Training apparel is the most democratic of sport design. Stripped of any external ornament — like that which can come from team apparel — it speaks with function first.
“In the space of training, the aesthetic is 100 percent informed by a garment’s purpose,” says Kurt Parker, Nike’s VP of Apparel Design. Because of that, the category is ripe for evolution and experimentation. That’s where Matthew M Williams comes in. The American designer (now based in Italy) behind breakout label Alyx has made his name by deftly balancing a unique aesthetic with an unwavering eye for utility. Collaborating with Nike, Williams has produced a collection that gives a human touch to a data-driven, purpose-led series of training shirts, trousers and accessories for men and women.
As its base, the collection takes elements from last year’s AAE capsule, which offered a glimpse of the future by way of a T-shirt. In essence, it employs computational design to transform data (in this case, Atlas maps relaying heat and sweat zones as well as motion) into structural patterns that inform a new way of manufacturing a sport standard. “Whenever you get a hold of a way to visualize data, it lets you start thinking about how to solve the problem differently,” explains Parker.
For instance, keen consideration of advanced thermoregulation or biomechanics can challenge traditional garment patterning. “What computational design and computer data can offer is really the future of design,” affirms Williams. “It allows us to see things or take things further than we might otherwise. It helps to create a different perspective that we can build around. Working in tandem — with data and emotion — is super interesting.”
What computational design and computer data can offer is really the future of design. It helps to create a different perspective that we can build around.

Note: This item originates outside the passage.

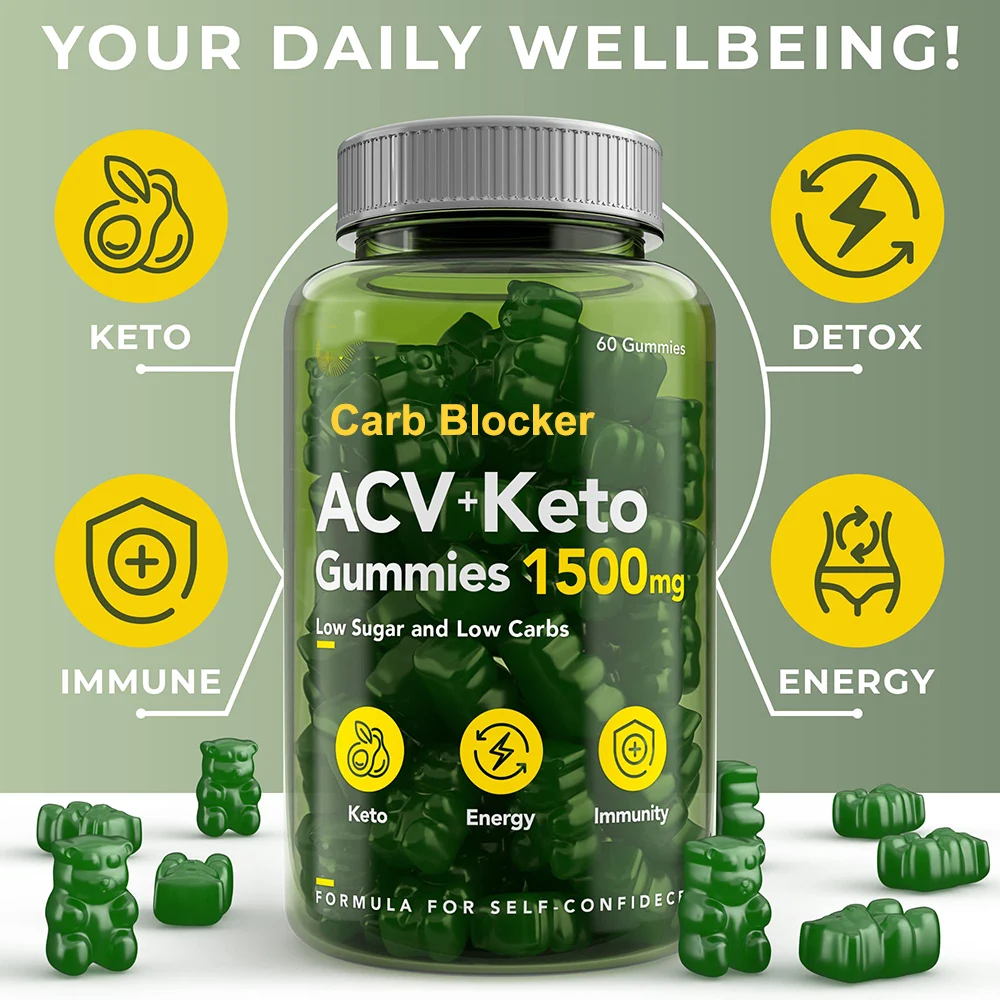 OEM Organic Herbal Natural Fat Loss Carb Blocker Low Sugar Keto ACV Gummies for Weight Health for Men Women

Both believe that while data offers new opportunity, it alone doesn’t design. The opportunity comes from what Williams describes as adding an “organic feel.” For his collection, that is most apparent in his application of “imperfections” against the sharpness of the computer design, such as with the women’s mid-layer tank, which has a raw edge finish. “You need human beings to still figure out how to interpret data in a great way. The storytelling of how the product links to its use and bring an emotion to it into — tug on the heartstrings a little bit. That's where I see my role.”

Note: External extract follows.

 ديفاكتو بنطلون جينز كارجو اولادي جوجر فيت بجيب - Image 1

That emotion is apparent in Williams’ choice of raw-edge details and in the tonality of the light bone Nike x MMW Men’s Long Sleeve Top.

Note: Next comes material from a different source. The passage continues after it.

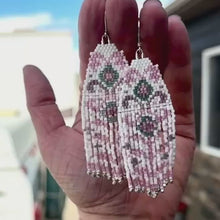 Load and play video in Gallery viewer, Pastel Floral Seed Bead Earrings with Fringe Miyuki Delica, Pink, Lavendar, Turquoise, White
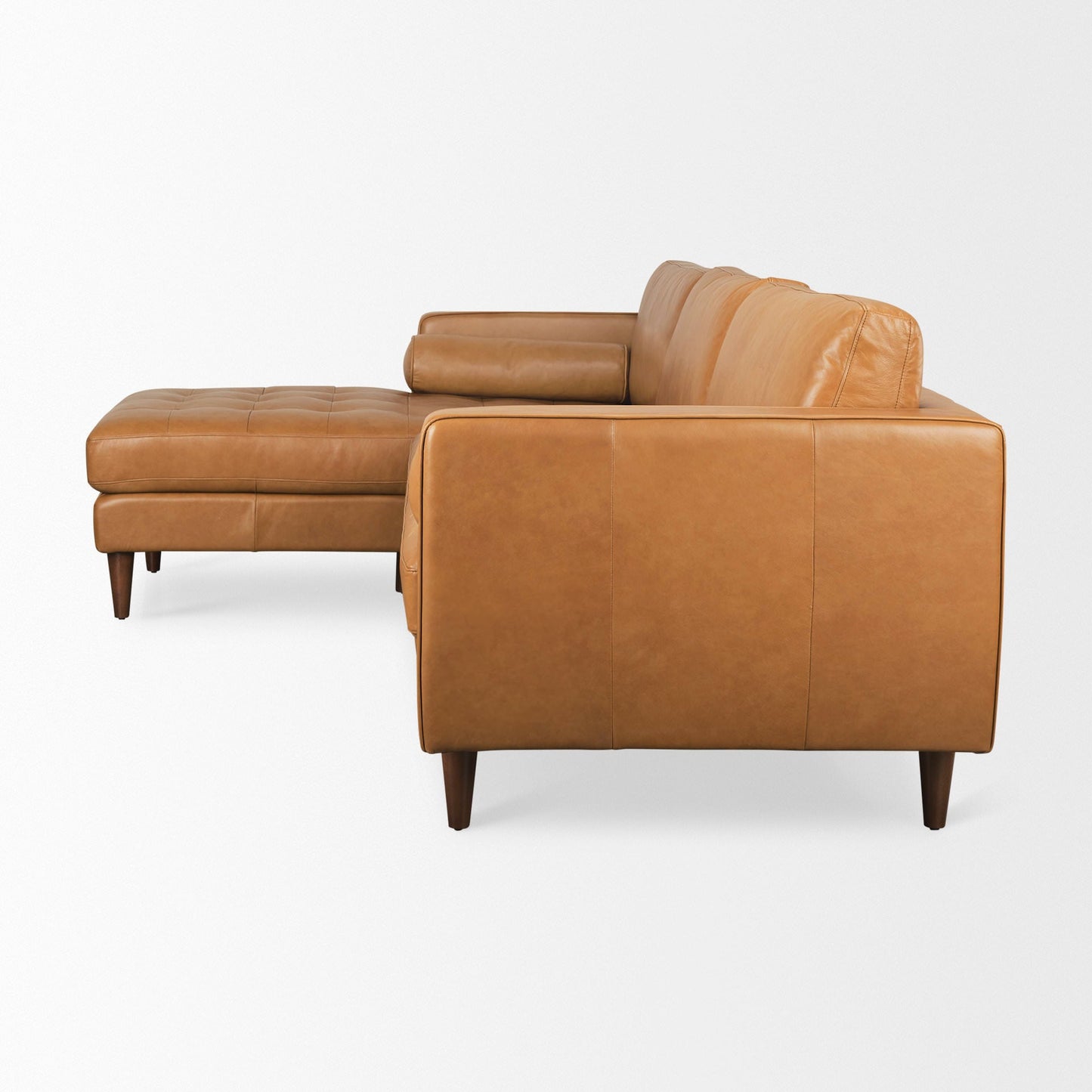 Canapé sectionnel Arne en cuir beige | Chaise longue gauche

Williams’ selected accessories also help ground the collection in broad use. Parker notes that the joy of working with Williams is that he brings some real world applications to the bleeding edge of Nike design. “You need functionality in multiple areas in a training collection because we know it won’t only be used in the gym. For example, you need pockets, and you need elements that are detachable and adaptable. Matthew included a towel as part of the collection, which is something that he knew was needed,” says Parker.
If the towel is the most purely functional of the accessories, Williams’ articulation of the Nike sock is the most playful — and most indicative of his capacity to give fresh shape to classic items. “That double sock, which I really love because of the scale and the familiarity of that specific item, putting the tweak on it, I think, allows for a new but familiar emotion.”
The Nike x MMW collection releases July 12.